A single function ties everything together: load audio, transcribe, align, analyze, display and export. You can call it on a sample file or your own audio, switch to a larger model for improved accuracy, or toggle batch mode.

def process_audio_file(audio_path, show_output=True, analyze=True):
   """Complete WhisperX pipeline"""
   if show_output:
       print("="*70)
       print(" WhisperX Advanced Tutorial")
       print("="*70)
  
   audio, duration = load_and_analyze_audio(audio_path)
  
   result = transcribe_audio(audio, CONFIG["model_size"], CONFIG["language"])
  
   aligned_result = align_transcription(
       result["segments"],
       audio,
       result["language"]
   )
  
   if analyze and show_output:
       analyze_transcription(aligned_result)
       extract_keywords(aligned_result)
  
   if show_output:
       print("\n" + "="*70)
       print(" TRANSCRIPTION RESULTS")
       print("="*70)
       df = display_results(aligned_result, show_words=False)
      
       export_results(aligned_result)
   else:
       df = None
  
   return aligned_result, df


# Example 1: Process sample audio
# audio_path = download_sample_audio()
# result, df = process_audio_file(audio_path)
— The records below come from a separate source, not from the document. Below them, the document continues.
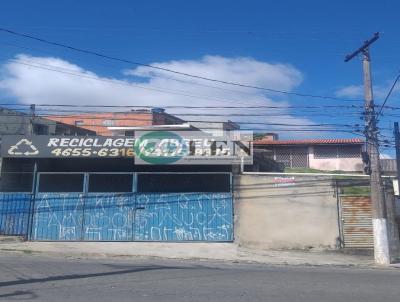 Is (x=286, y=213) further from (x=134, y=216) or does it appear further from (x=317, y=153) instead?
(x=317, y=153)

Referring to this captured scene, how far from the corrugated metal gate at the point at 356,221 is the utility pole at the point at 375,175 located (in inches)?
68.2

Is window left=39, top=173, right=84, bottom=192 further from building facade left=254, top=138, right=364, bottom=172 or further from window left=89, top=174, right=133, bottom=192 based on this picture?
building facade left=254, top=138, right=364, bottom=172

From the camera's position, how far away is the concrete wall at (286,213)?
1681 cm

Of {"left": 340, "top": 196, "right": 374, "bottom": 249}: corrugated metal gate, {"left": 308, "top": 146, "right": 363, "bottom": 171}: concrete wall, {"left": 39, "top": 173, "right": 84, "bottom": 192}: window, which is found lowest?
{"left": 340, "top": 196, "right": 374, "bottom": 249}: corrugated metal gate

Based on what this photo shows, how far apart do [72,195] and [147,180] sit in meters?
3.65

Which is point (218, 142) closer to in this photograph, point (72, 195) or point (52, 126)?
point (72, 195)

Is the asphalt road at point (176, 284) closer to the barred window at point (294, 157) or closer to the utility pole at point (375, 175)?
the utility pole at point (375, 175)

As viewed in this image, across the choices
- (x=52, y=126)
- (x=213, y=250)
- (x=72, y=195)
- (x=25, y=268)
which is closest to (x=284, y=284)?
(x=25, y=268)

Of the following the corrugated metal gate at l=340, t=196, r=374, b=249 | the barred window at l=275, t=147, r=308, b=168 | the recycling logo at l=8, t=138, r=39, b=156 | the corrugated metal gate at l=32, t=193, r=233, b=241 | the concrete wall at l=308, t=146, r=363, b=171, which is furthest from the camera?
the barred window at l=275, t=147, r=308, b=168

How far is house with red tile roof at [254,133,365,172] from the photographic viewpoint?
111ft

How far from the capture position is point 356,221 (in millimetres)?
16750

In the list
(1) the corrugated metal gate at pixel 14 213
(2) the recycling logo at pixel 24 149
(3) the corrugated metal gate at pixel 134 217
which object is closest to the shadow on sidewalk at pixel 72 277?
(3) the corrugated metal gate at pixel 134 217

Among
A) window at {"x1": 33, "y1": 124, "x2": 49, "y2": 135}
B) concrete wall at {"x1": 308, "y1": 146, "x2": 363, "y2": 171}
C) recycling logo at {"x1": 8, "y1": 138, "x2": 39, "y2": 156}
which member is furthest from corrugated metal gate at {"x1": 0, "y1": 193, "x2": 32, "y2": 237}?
concrete wall at {"x1": 308, "y1": 146, "x2": 363, "y2": 171}

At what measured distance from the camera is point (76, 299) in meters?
7.00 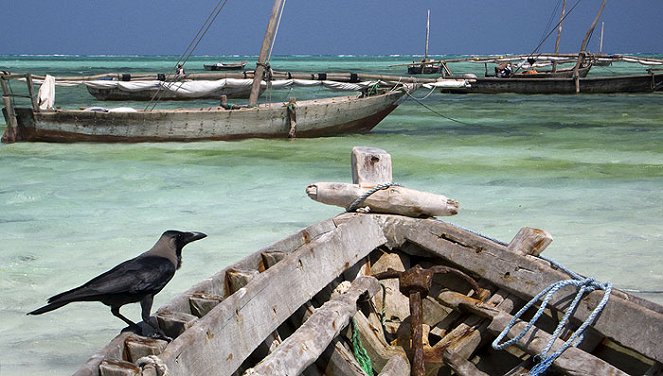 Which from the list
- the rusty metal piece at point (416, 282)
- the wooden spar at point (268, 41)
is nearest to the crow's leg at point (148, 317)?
the rusty metal piece at point (416, 282)

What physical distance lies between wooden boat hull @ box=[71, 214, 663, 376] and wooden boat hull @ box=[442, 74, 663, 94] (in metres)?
29.9

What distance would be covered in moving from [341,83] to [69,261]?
11577mm

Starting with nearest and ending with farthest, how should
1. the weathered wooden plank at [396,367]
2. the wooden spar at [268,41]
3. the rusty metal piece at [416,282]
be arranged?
the weathered wooden plank at [396,367], the rusty metal piece at [416,282], the wooden spar at [268,41]

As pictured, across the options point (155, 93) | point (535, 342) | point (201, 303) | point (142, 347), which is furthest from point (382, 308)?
point (155, 93)

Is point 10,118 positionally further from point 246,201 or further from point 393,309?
point 393,309

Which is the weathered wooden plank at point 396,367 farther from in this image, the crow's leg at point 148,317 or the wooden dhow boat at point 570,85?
the wooden dhow boat at point 570,85

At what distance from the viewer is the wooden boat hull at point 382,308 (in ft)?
8.29

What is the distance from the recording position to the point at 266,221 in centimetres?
937

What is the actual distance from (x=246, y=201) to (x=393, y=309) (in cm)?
673

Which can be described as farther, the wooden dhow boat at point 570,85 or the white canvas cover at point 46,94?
the wooden dhow boat at point 570,85

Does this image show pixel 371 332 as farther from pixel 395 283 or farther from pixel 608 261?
pixel 608 261

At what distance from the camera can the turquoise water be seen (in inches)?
261

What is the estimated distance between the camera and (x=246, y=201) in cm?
1072

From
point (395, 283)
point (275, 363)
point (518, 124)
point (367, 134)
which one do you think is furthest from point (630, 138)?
point (275, 363) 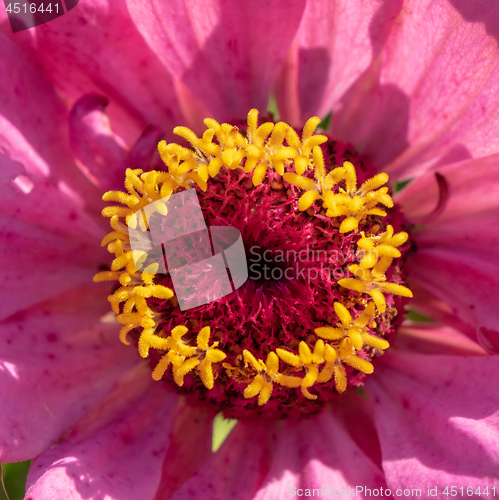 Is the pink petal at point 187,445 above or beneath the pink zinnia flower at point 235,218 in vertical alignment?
beneath

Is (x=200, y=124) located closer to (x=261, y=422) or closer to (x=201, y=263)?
(x=201, y=263)

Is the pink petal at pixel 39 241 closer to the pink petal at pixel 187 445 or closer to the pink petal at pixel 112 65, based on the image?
the pink petal at pixel 112 65

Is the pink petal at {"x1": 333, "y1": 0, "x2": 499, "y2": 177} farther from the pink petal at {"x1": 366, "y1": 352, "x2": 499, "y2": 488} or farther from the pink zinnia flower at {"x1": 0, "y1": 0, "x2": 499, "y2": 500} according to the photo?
the pink petal at {"x1": 366, "y1": 352, "x2": 499, "y2": 488}

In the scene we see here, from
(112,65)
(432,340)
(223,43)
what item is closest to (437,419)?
(432,340)

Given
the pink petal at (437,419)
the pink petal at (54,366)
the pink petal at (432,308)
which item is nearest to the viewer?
the pink petal at (437,419)

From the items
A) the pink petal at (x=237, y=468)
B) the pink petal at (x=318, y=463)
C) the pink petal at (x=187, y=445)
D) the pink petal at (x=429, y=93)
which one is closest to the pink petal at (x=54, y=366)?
the pink petal at (x=187, y=445)

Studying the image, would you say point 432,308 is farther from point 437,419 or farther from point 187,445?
point 187,445

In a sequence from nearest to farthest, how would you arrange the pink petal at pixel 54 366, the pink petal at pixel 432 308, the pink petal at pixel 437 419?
the pink petal at pixel 437 419 → the pink petal at pixel 54 366 → the pink petal at pixel 432 308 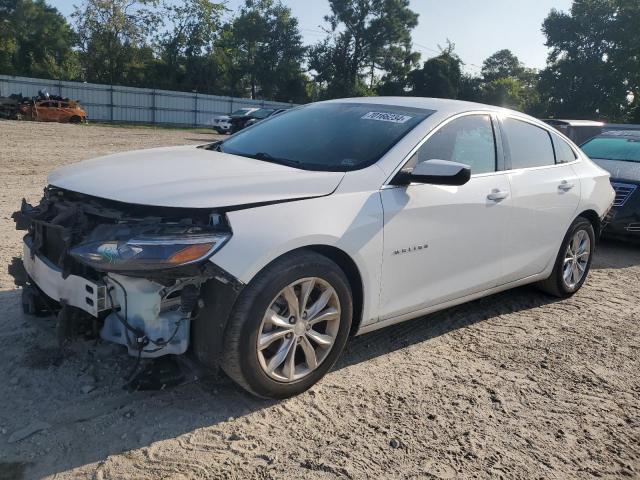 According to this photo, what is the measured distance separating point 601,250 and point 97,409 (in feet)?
22.4

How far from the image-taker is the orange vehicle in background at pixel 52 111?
2986 centimetres

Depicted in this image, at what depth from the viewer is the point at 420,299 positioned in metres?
3.75

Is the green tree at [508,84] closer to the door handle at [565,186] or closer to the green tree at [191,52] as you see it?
the green tree at [191,52]

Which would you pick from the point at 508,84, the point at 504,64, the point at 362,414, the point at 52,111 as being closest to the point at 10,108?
the point at 52,111

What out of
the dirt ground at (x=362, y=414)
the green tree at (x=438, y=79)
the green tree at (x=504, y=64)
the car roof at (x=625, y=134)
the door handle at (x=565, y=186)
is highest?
the green tree at (x=504, y=64)

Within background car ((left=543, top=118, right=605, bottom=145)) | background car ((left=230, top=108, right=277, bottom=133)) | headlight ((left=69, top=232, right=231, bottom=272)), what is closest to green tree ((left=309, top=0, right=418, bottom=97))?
background car ((left=230, top=108, right=277, bottom=133))

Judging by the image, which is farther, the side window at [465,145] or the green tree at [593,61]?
the green tree at [593,61]

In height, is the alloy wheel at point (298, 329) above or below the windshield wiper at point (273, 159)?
below

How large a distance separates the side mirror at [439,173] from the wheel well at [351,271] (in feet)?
1.94

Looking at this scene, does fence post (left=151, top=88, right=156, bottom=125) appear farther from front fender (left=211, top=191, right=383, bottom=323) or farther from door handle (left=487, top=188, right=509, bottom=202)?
front fender (left=211, top=191, right=383, bottom=323)

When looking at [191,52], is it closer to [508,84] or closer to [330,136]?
[508,84]

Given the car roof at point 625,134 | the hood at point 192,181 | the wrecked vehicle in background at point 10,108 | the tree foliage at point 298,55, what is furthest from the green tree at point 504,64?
the hood at point 192,181

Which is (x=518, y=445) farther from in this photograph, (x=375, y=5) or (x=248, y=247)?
(x=375, y=5)

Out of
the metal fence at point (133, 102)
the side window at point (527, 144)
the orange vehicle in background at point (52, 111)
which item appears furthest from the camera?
the metal fence at point (133, 102) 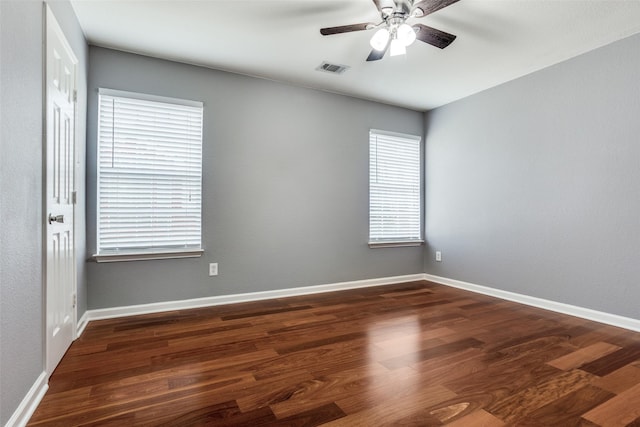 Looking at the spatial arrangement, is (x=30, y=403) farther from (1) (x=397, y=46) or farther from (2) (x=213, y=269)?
(1) (x=397, y=46)

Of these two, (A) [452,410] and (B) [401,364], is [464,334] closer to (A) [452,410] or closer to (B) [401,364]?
(B) [401,364]

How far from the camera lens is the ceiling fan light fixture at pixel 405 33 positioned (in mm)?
2164

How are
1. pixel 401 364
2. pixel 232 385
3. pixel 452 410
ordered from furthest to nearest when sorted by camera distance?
pixel 401 364 < pixel 232 385 < pixel 452 410

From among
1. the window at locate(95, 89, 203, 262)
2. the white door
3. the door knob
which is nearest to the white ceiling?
the window at locate(95, 89, 203, 262)

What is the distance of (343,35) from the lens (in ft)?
9.11

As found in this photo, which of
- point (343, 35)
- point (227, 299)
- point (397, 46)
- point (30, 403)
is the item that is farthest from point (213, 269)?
point (397, 46)

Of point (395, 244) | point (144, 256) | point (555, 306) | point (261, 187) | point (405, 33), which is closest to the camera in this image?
point (405, 33)

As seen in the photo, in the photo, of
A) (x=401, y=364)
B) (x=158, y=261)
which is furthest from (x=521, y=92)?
(x=158, y=261)

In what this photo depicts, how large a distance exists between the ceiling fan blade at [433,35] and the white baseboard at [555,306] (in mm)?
2743

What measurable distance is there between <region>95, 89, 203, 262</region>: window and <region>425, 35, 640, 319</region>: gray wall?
3276 mm

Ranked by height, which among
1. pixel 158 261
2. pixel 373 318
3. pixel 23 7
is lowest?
pixel 373 318

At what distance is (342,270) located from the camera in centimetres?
415

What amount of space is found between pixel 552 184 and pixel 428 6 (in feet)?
7.61

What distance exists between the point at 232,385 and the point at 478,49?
133 inches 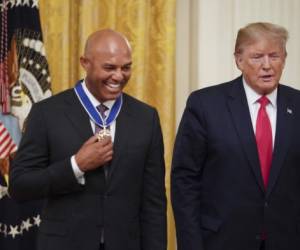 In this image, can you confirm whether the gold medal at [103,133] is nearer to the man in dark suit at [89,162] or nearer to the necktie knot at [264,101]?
the man in dark suit at [89,162]

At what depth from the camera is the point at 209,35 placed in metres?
4.05

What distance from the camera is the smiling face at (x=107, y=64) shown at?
7.23 feet

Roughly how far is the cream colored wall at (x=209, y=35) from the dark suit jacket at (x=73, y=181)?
1.84m

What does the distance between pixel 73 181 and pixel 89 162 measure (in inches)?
3.8

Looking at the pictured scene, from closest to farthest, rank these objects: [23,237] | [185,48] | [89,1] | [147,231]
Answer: [147,231] < [23,237] < [89,1] < [185,48]

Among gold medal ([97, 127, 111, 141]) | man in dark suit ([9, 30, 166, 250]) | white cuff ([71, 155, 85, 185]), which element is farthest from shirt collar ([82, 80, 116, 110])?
white cuff ([71, 155, 85, 185])

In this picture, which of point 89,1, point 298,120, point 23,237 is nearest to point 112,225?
point 298,120

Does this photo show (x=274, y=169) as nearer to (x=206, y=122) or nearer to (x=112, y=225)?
(x=206, y=122)

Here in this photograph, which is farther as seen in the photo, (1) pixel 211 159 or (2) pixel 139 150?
(1) pixel 211 159

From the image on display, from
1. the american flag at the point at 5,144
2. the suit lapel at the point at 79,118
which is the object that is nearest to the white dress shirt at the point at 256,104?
the suit lapel at the point at 79,118

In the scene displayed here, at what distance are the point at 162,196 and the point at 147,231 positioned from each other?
0.52 feet

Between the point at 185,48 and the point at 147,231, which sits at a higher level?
the point at 185,48

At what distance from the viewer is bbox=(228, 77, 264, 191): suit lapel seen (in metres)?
2.41

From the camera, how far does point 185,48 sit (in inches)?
161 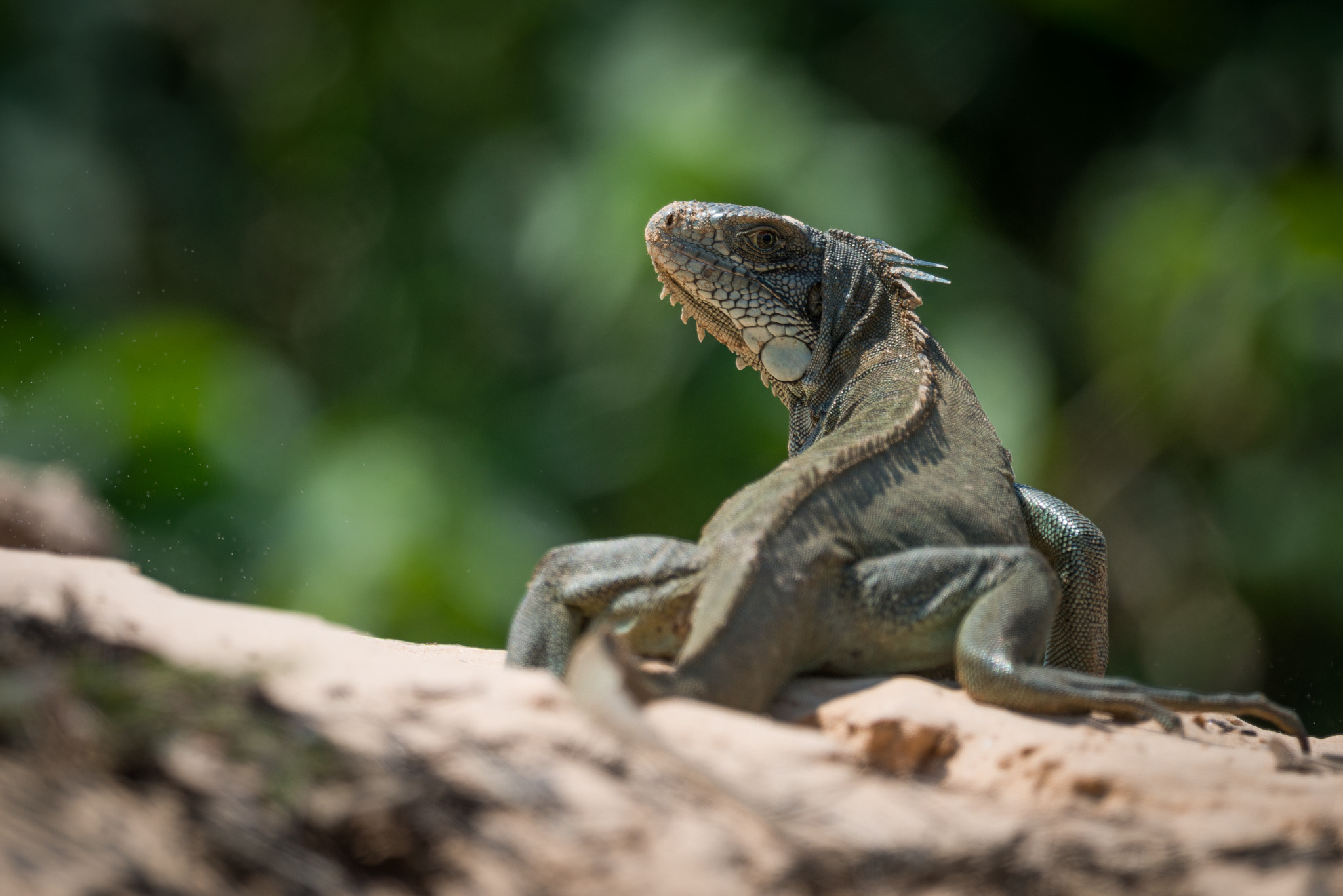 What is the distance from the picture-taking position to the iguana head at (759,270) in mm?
5574

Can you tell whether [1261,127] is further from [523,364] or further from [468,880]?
[468,880]

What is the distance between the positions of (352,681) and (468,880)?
0.80 metres

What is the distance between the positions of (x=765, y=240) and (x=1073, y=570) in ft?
6.71

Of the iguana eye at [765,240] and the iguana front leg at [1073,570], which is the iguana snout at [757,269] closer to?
the iguana eye at [765,240]

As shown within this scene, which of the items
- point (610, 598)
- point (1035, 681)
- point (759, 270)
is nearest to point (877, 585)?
point (1035, 681)

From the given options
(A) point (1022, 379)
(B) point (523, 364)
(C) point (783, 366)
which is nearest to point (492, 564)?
(B) point (523, 364)

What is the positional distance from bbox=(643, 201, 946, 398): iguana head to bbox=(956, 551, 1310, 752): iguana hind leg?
6.35 feet

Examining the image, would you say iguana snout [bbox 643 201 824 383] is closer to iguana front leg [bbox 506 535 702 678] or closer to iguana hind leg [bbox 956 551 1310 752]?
iguana front leg [bbox 506 535 702 678]

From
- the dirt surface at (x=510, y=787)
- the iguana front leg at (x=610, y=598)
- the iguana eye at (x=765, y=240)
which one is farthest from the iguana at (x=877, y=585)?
the iguana eye at (x=765, y=240)

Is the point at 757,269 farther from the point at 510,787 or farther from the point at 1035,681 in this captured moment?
the point at 510,787

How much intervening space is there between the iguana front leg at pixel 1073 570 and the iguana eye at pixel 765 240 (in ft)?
5.23

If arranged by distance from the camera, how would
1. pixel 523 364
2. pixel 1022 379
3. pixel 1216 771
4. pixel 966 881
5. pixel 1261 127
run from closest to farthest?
pixel 966 881 < pixel 1216 771 < pixel 1022 379 < pixel 1261 127 < pixel 523 364

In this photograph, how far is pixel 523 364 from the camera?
14180mm

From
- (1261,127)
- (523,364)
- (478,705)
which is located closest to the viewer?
(478,705)
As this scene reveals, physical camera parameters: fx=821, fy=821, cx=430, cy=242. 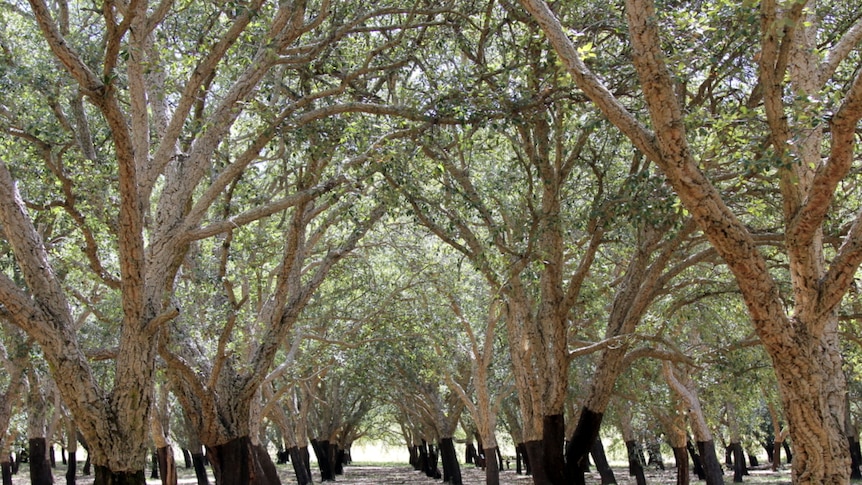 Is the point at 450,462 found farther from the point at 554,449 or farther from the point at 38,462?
the point at 554,449

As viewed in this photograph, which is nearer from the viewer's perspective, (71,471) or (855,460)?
(855,460)

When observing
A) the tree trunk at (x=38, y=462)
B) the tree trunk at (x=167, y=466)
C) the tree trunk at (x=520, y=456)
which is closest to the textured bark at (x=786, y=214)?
the tree trunk at (x=167, y=466)

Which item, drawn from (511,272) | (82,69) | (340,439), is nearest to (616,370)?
(511,272)

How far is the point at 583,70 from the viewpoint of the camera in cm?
635

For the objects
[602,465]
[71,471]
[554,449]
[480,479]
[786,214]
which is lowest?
[480,479]

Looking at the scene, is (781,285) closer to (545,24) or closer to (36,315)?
(545,24)

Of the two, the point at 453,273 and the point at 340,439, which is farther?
the point at 340,439

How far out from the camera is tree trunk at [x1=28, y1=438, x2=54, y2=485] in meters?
20.2

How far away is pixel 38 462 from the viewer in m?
20.3

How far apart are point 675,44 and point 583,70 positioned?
9.32ft

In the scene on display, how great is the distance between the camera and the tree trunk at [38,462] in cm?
2025

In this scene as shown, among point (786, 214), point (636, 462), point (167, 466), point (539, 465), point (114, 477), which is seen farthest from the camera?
point (636, 462)

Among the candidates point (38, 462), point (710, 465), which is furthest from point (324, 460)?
point (710, 465)

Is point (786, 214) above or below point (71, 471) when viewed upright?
above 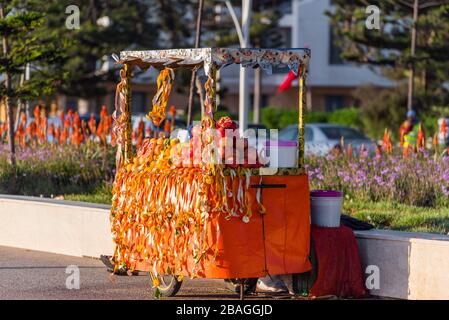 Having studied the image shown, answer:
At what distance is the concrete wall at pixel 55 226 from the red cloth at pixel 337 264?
331cm

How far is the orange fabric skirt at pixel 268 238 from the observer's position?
9680 millimetres

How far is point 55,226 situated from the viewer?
13.8 metres

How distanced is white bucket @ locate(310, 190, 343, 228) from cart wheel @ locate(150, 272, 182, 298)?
1.44m

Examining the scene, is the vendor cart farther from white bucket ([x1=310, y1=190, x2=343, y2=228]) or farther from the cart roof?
white bucket ([x1=310, y1=190, x2=343, y2=228])

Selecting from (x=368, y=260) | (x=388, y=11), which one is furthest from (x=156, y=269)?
(x=388, y=11)

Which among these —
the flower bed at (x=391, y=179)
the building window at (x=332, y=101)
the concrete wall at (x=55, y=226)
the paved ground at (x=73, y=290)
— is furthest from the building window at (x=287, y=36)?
the paved ground at (x=73, y=290)

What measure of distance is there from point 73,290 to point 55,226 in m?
2.92

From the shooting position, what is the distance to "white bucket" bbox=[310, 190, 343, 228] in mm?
10445

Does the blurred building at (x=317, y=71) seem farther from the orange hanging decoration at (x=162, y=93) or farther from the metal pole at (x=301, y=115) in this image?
the metal pole at (x=301, y=115)

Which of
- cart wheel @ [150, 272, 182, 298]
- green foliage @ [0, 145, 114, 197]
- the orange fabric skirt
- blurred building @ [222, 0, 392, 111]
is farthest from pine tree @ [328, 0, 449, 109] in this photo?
the orange fabric skirt

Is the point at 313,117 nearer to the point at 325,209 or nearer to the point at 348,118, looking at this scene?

# Example 2: Show word-level details
# result, df = process_audio_file(audio_path)
# word_df = display_results(result, show_words=True)


# Example 3: Process your own audio
# audio_path = "your_audio.wav"  # or .mp3, .m4a, etc.
# result, df = process_audio_file(audio_path)


# Example 4: Batch process multiple files
# audio_files = ["audio1.mp3", "audio2.wav", "audio3.m4a"]
# results = batch_process_files(audio_files)


# Example 5: Use a larger model for better accuracy
# CONFIG["model_size"] = "large-v2"
# result, df = process_audio_file("audio.mp3")


print("\n Setup complete! Uncomment examples above to run.")

This recipe provides a flexible, memory-conscious workflow for transcription, alignment, analysis, and export. Use the provided functions as building blocks for integration into data pipelines, subtitle generation, or audio analytics systems.